Exercise brief
Repeat the entries exactly, and do not carry the pictures over.

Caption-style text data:
......
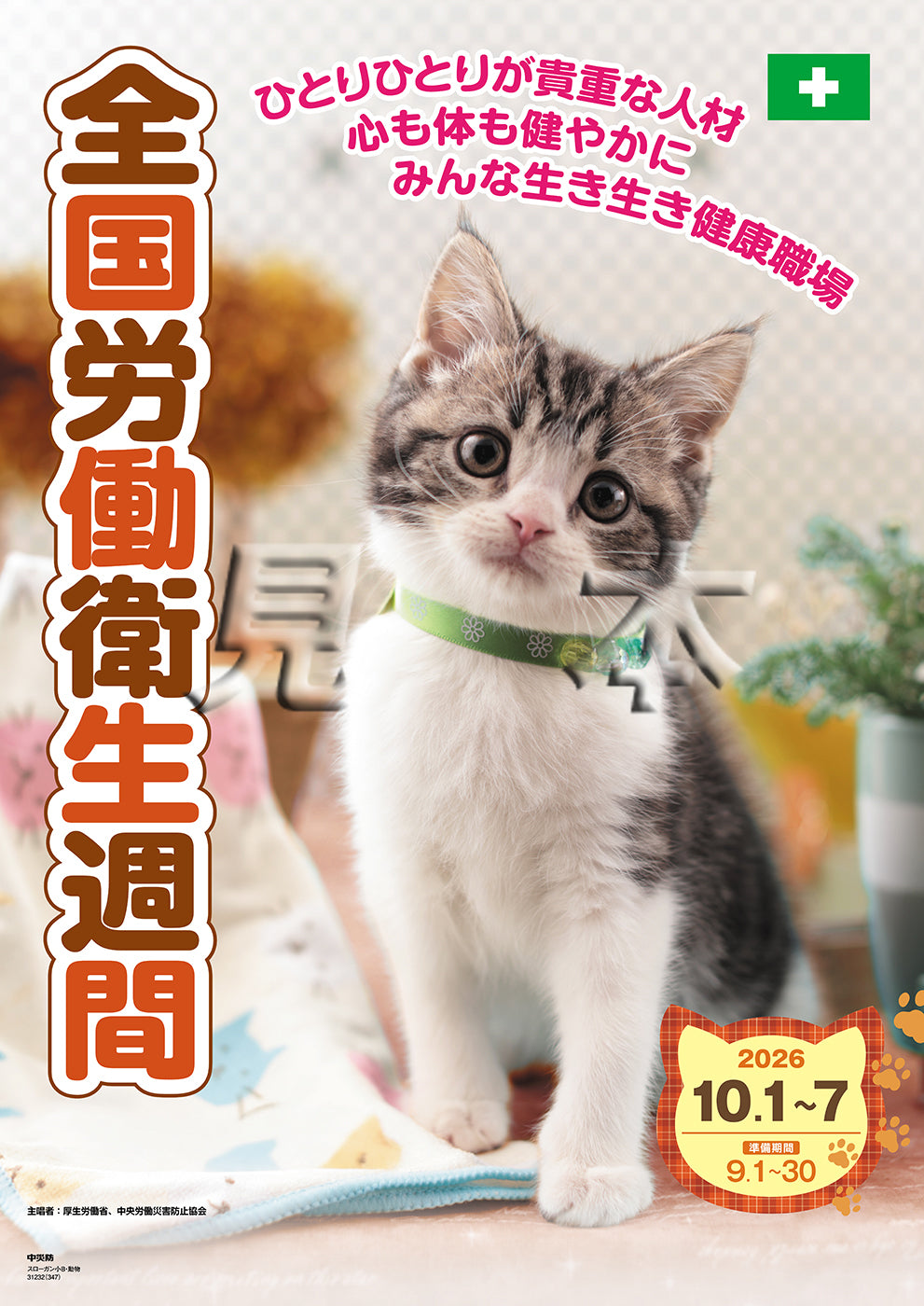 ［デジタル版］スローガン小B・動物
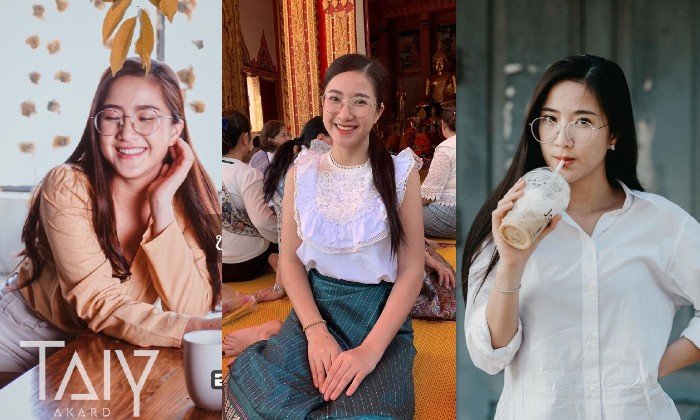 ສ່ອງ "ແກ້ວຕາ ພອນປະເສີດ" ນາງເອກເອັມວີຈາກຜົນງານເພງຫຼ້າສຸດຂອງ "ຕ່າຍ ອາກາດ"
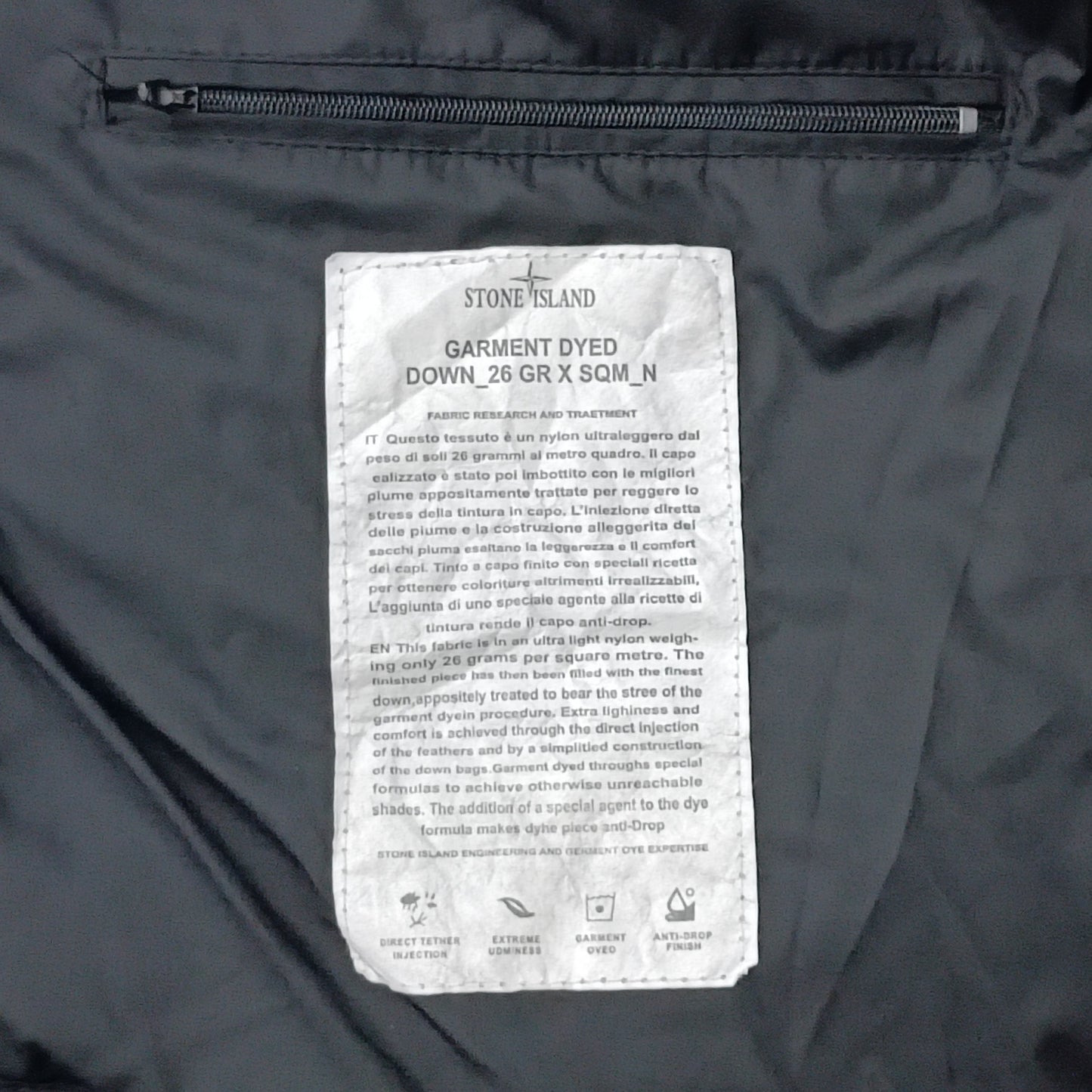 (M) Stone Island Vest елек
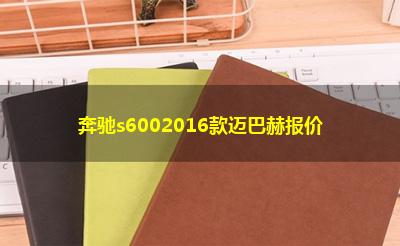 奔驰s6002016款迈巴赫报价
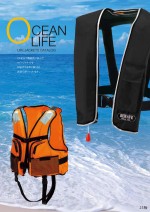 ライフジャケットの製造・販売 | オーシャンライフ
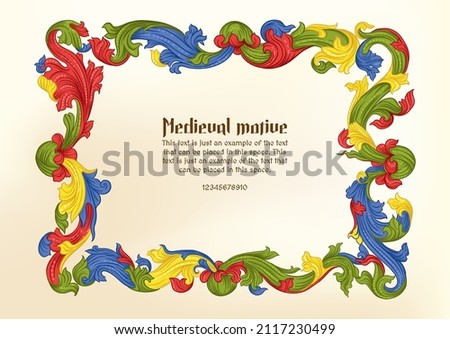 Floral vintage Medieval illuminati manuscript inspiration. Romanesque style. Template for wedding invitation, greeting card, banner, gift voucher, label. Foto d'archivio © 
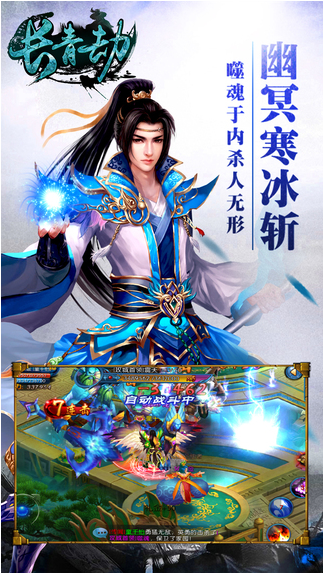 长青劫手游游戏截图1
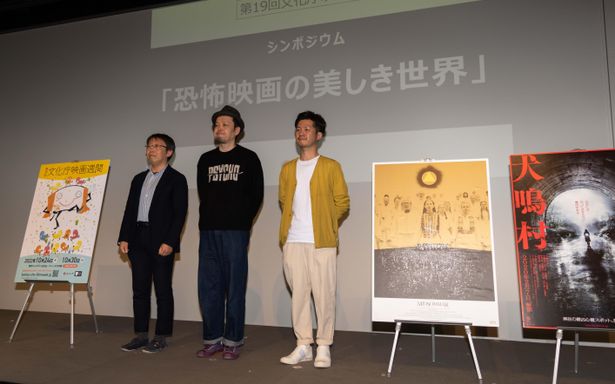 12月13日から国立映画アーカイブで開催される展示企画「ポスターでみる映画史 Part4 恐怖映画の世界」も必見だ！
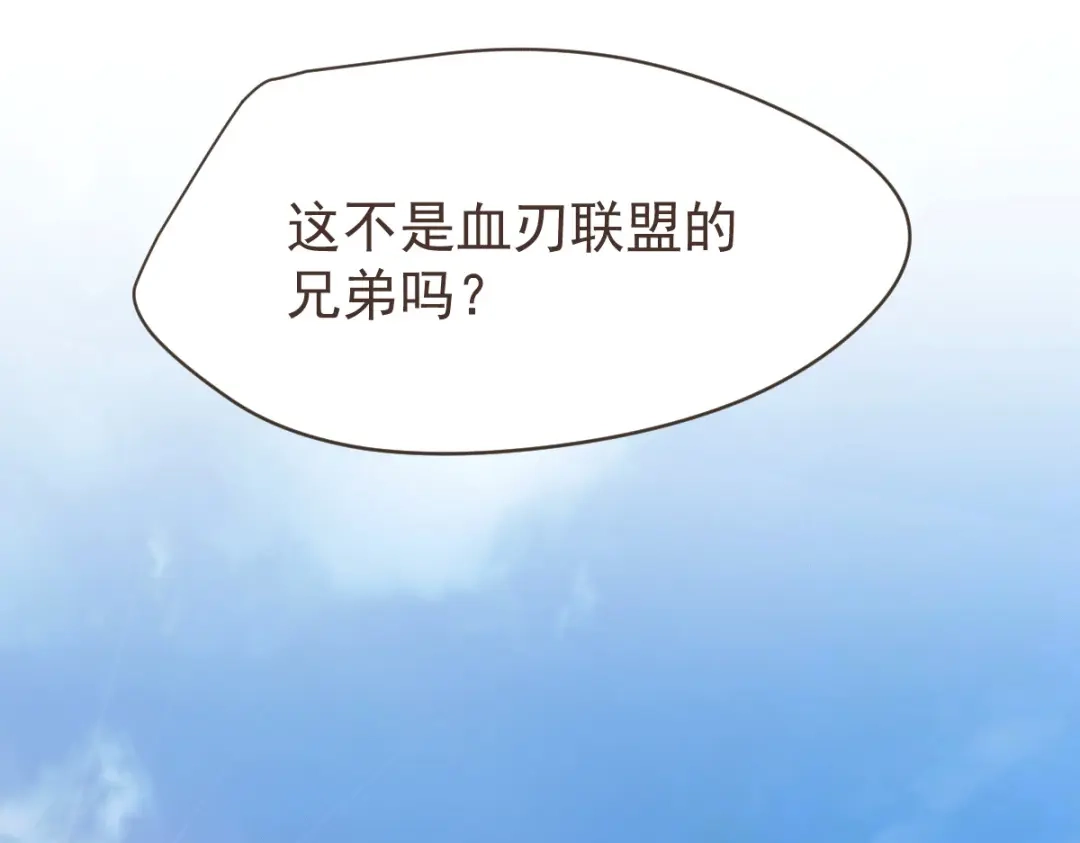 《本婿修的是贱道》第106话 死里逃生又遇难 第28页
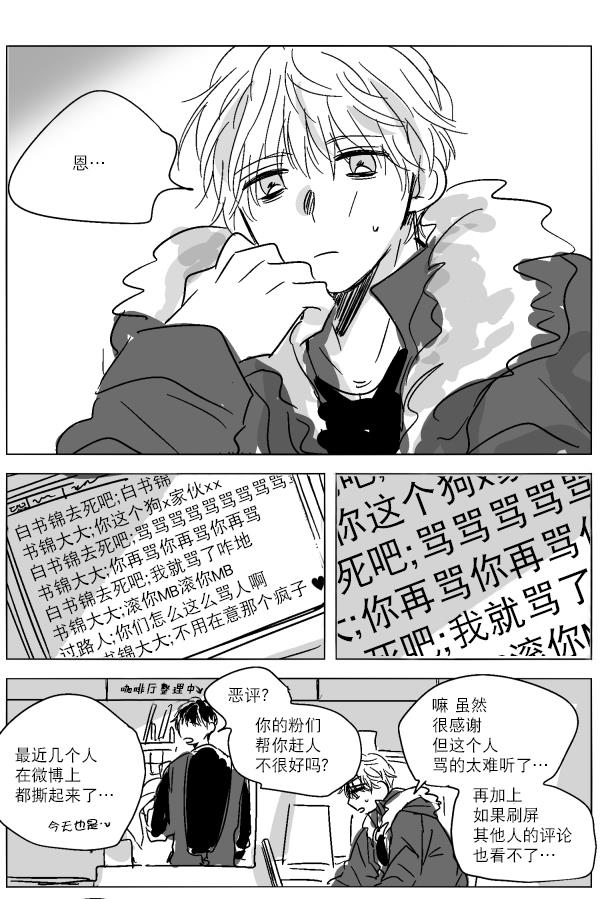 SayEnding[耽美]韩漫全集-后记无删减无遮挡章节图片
......
Problem solution
 ［デジタル版］スローガン小B・動物
 ສ່ອງ "ແກ້ວຕາ ພອນປະເສີດ" ນາງເອກເອັມວີຈາກຜົນງານເພງຫຼ້າສຸດຂອງ "ຕ່າຍ ອາກາດ"
 (M) Stone Island Vest елек
 奔驰s6002016款迈巴赫报价
 ライフジャケットの製造・販売 | オーシャンライフ
 Floral vintage Medieval illuminati manuscript inspiration. Romanesque style. Template for wedding invitation, greeting card, banner, gift voucher, label. Foto d'archivio © 
 长青劫手游游戏截图1
 12月13日から国立映画アーカイブで開催される展示企画「ポスターでみる映画史 Part4 恐怖映画の世界」も必見だ！
 《本婿修的是贱道》第106话 死里逃生又遇难 第28页
 SayEnding[耽美]韩漫全集-后记无删减无遮挡章节图片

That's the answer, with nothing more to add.